■ The data:
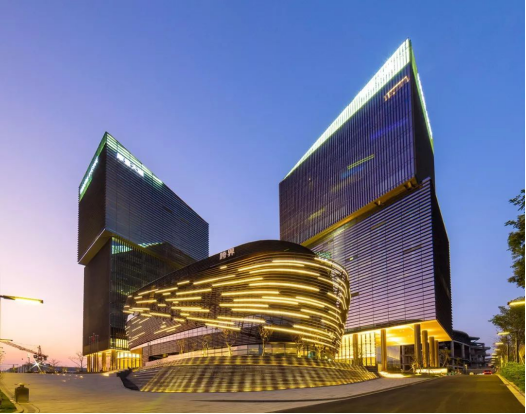 尊龙凯时 - 人生就是搏!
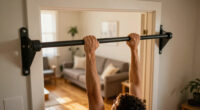 15 Best Portable Pull-Up Bars for Home Workouts in 2027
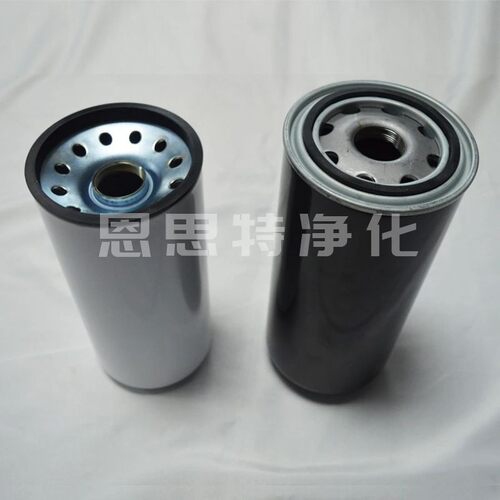 供应柴油滤清器LFF8062工程机械滤芯弗列加滤芯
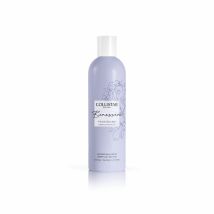 Collistar Collistar Benessere Fig &amp; Wisteria Shower Milk-Cream 250 ml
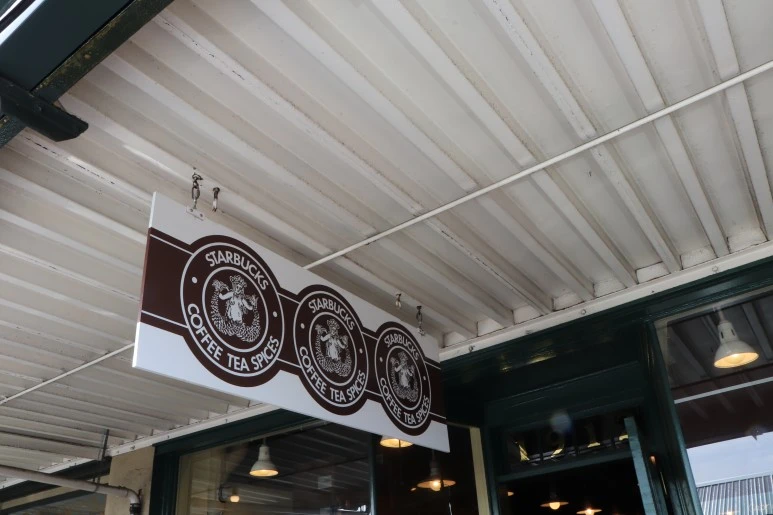 IMG_0099.JPG?type=w773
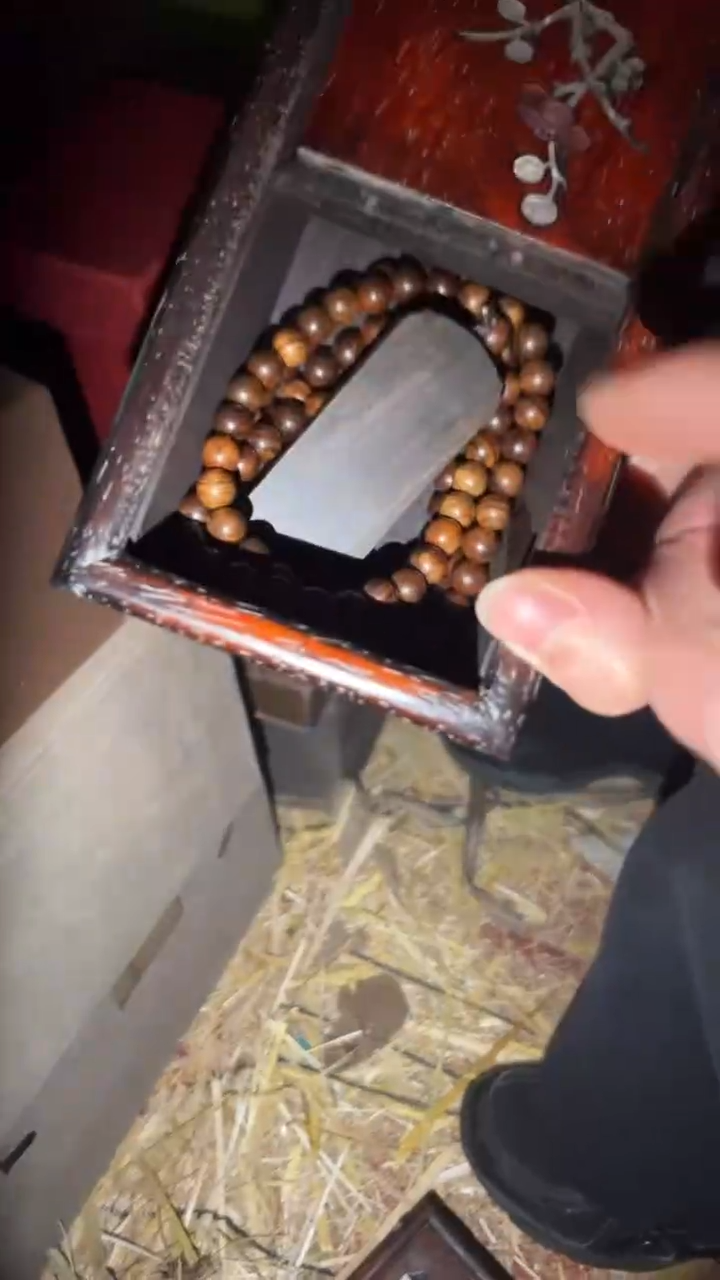 【闪购商品】檀香紫檀（小叶紫檀）闪购商品高端专用链接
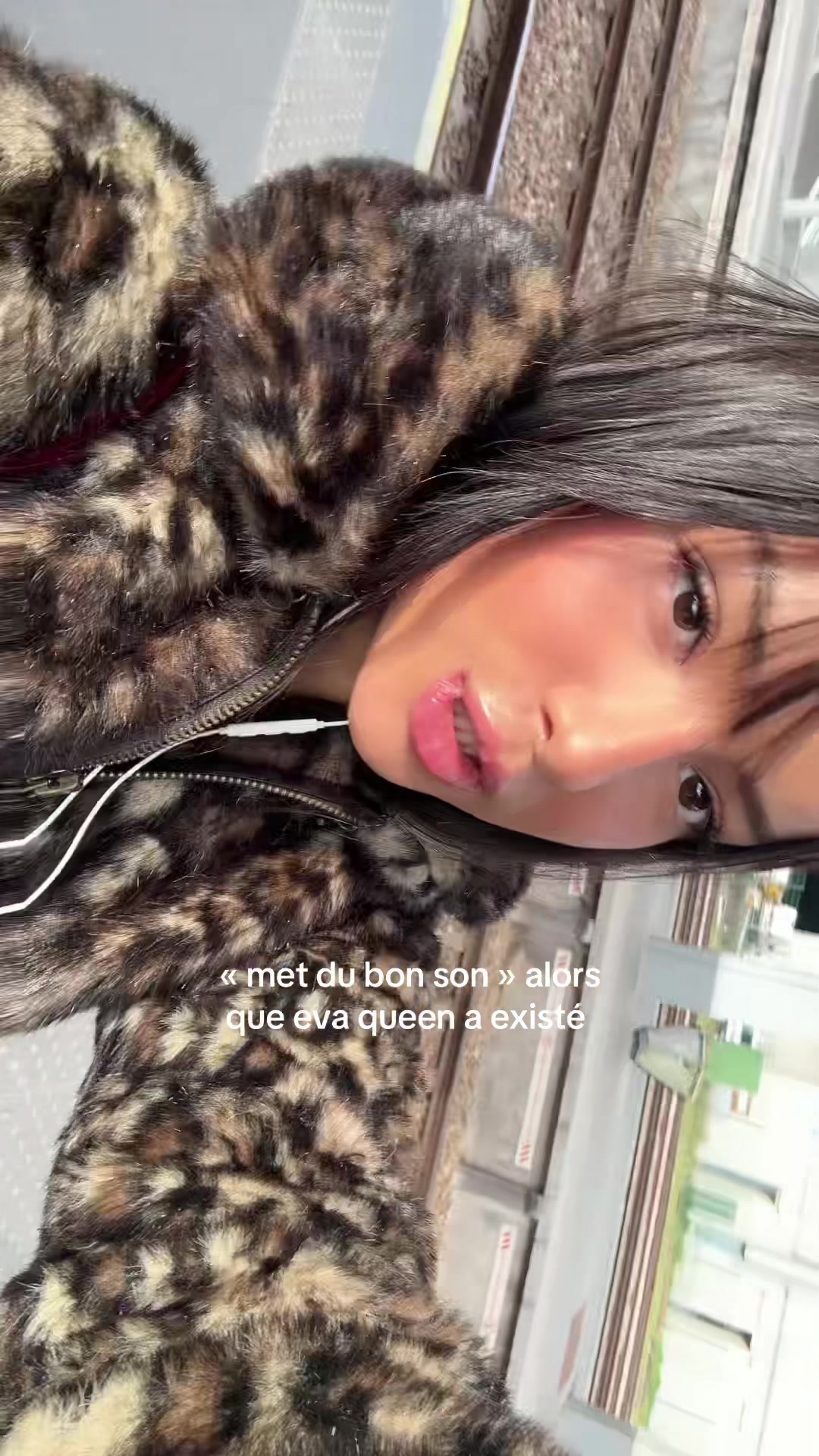@Myysilvaa🌶️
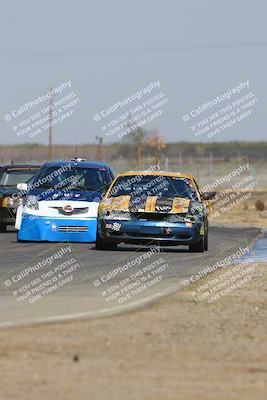 media/Sep-27-2025-24 Hours of Lemons (Sat) [[04fd3ac4ac]]/10am (Star Mazda)/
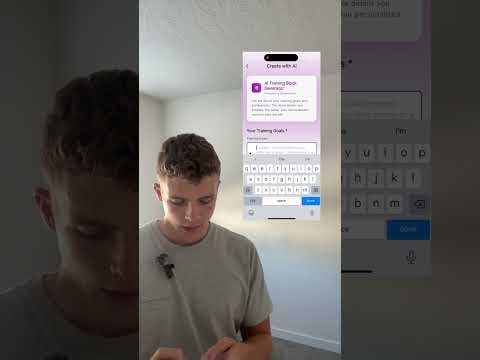 SetSense gallery image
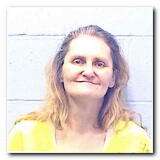 Offender Patricia A Speagle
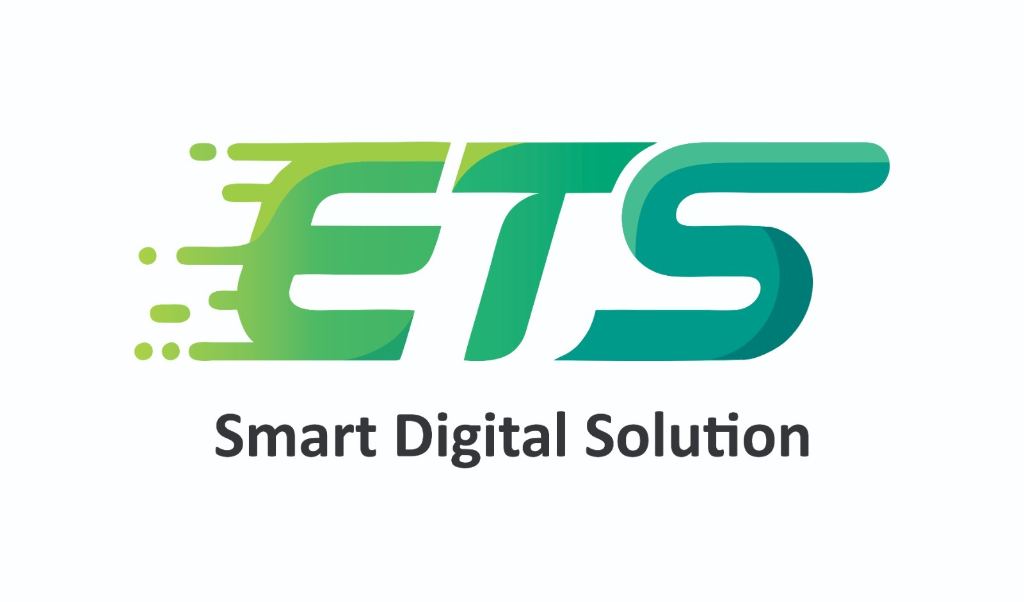 Easy Tech Solutions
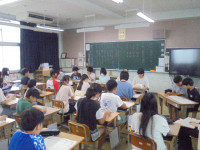 DSC01635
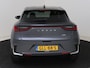 Lexus LBX Emotion 2WD | Lederen Bekleding | Stoelverwarming | Bi-Tone |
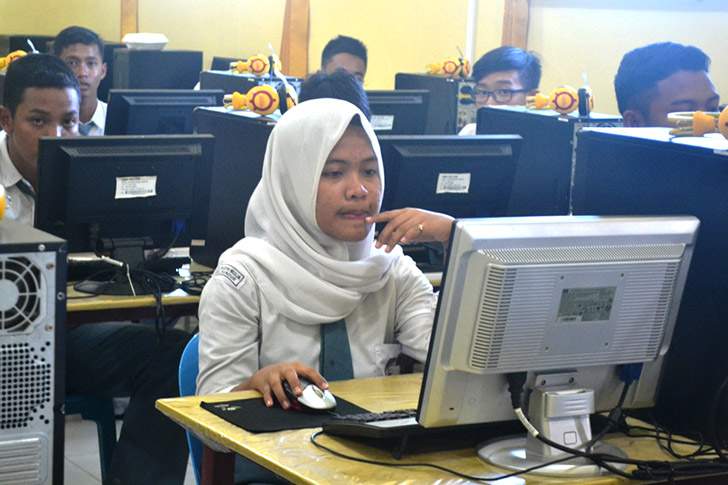 unbk_di_smk_budhi_mulia_berjalan_lancar_hingga_hari_terakhir_2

■ What the task requires: Output exactly and only the lines from the line containing "media/Sep-27-2025-24 Hours of" to the end of the entries, both included, and omit every picture.

■ Answer to the problem:
 media/Sep-27-2025-24 Hours of Lemons (Sat) [[04fd3ac4ac]]/10am (Star Mazda)/
 SetSense gallery image
 Offender Patricia A Speagle
 Easy Tech Solutions
 DSC01635
 Lexus LBX Emotion 2WD | Lederen Bekleding | Stoelverwarming | Bi-Tone |
 unbk_di_smk_budhi_mulia_berjalan_lancar_hingga_hari_terakhir_2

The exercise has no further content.